For Rails apps we setup a deployer user to make things really simple, the Capistrano recipe is pretty straight forward. We use remote_cache with Git to make deploys very very fast.

To migrate user data over from my old server, I first created the users on the new system manually, I didn’t feel comfortable copying over the /etc/passwd, shadow files, and what not, also I had to get rid of quite a few old accounts. After the users and home directories have been created, I used rsync via SSH to copy everything over, I ran rsync with quite a few exclusions, like I wanted to exclude all the Maildir’s and the spamassassin bayesian database files coz I didn’t need them anymore, and a lot of them were pretty huge. If you run rsync in archive mode (rsync -a) the permissions and ownerships are sync’ed automatically to the users and groups with the same names. I also had to migrate Apache1 virtual host configs to Apache2 ones, but that was pretty straight forward. SSL setup was also pretty trivial in Apache2, I moved the hostname over and was able to reuse my InstantSSL certificate.

To migrate MySQL databases, we just did mysqldump’s and loaded them on the new server. I realize this probably wouldn’t work if you’re migrating a high traffic site, but fortunately we could tolerate a few hours of downtime.

After everything was running smoothly, some of our domains had longer TTL values and people were still going to the old IP. So I setup Pound on the old server to forward all HTTP and HTTPS traffic over to the new IP, worked like a charm. I went with Pound because that was the only one available in APT on the old Debian sarge server.
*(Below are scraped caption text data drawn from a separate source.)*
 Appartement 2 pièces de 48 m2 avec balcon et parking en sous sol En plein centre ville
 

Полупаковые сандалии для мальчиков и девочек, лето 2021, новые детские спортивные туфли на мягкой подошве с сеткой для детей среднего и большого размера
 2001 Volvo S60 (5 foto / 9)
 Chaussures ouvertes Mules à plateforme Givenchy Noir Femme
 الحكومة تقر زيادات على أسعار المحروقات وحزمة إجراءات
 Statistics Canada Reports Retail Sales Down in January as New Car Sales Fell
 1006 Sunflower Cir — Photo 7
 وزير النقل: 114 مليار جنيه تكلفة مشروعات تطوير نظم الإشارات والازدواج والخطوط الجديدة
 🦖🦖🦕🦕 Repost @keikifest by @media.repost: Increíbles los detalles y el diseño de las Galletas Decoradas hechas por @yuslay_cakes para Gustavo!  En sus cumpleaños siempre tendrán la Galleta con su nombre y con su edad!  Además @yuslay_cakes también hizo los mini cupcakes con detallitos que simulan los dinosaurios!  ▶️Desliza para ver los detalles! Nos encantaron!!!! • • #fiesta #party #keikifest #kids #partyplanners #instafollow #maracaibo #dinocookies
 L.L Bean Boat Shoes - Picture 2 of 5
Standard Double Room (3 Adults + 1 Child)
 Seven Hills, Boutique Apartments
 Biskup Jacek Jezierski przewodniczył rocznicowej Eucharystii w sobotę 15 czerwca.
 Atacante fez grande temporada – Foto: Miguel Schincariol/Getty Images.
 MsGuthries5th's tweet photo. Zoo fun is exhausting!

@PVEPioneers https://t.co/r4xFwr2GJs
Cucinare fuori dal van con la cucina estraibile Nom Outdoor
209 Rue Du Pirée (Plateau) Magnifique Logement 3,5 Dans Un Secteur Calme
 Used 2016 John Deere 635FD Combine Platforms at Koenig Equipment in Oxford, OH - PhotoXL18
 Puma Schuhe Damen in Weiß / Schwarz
Next time I do a migration like this, I will make sure to lower the TTL of the domains a couple of days pre-migration, but even then I am assuming DNS’ obey the specified TTL’s, and most probably don’t. I use OpenDNS and it was pretty easy to expire their cache manually.

It’s been a few weeks and the instance has been rock solid, amazingly it is much higher performance than the ServerBeach dedicated server, but since the server was over 5 years old, that is not saying much. Cost-wise, the EC2 instance is about $20 cheaper than a dedicated host (I was paying about $90 a month for the server + 2 additional IPs). Ray and I have been using EC2 heavily for over a year, so to scale horizontally with more instances is pretty trivial, and it’s far quicker than getting another dedicated server setup with a hosting provider.